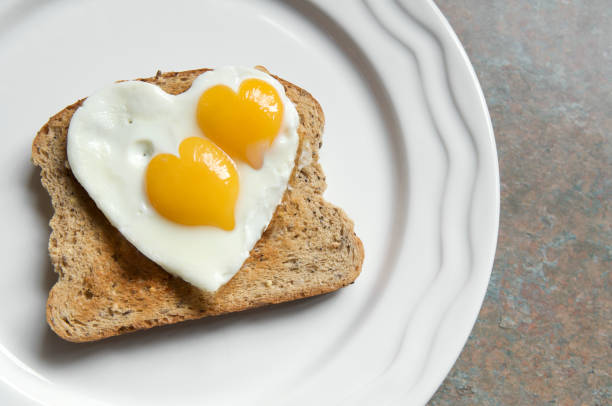 coração forma saudável comer ovos de café-da-manhã na torrada - eggs breakfast heart shape fried egg - fotografias e filmes do acervo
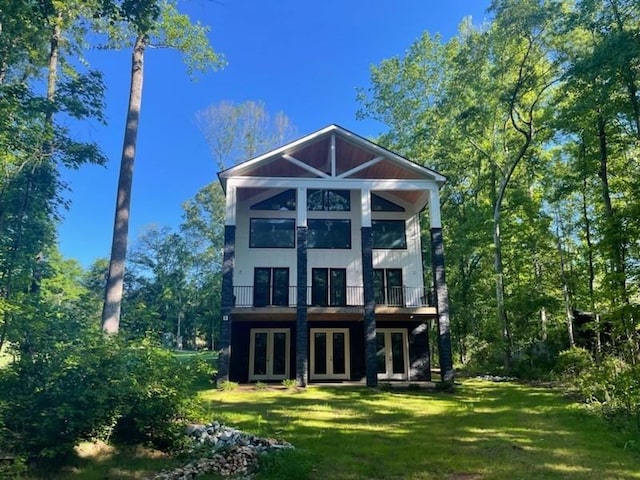 rear view of property featuring a yard, french doors, and a balcony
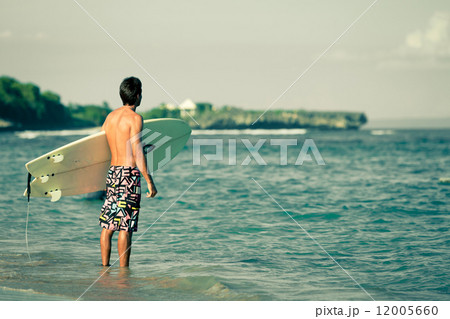 surfer with surfboard walks along the beach in the day time 12005660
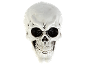 White decorative skull with black eye sockets on a black background.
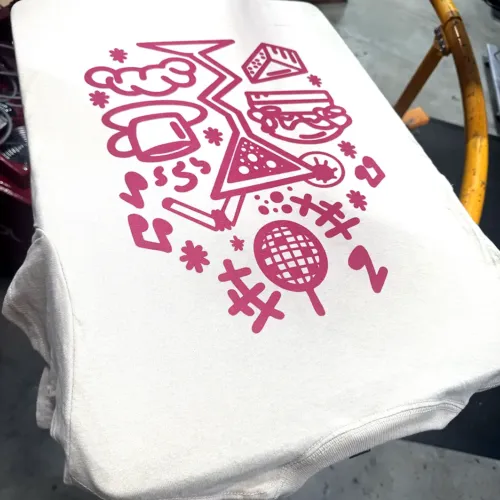 T-shirt blanc sérigraphié d’un grand visuel rose, sur le carrousel de l’atelier HOP Textile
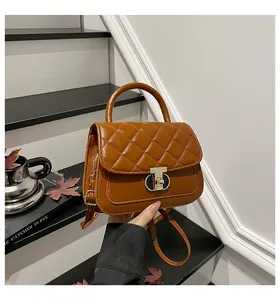 Macro detail van de gewatteerde crossbodytas in karamel met gouden T-sluiting en handvat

- _INSTRUCTIONS TO FOLLOW_
All of the records above must be copied exactly, except for the pictures.

- _SOLVED PROBLEM_
 coração forma saudável comer ovos de café-da-manhã na torrada - eggs breakfast heart shape fried egg - fotografias e filmes do acervo
 rear view of property featuring a yard, french doors, and a balcony
 surfer with surfboard walks along the beach in the day time 12005660
 White decorative skull with black eye sockets on a black background.
 T-shirt blanc sérigraphié d’un grand visuel rose, sur le carrousel de l’atelier HOP Textile
 Macro detail van de gewatteerde crossbodytas in karamel met gouden T-sluiting en handvat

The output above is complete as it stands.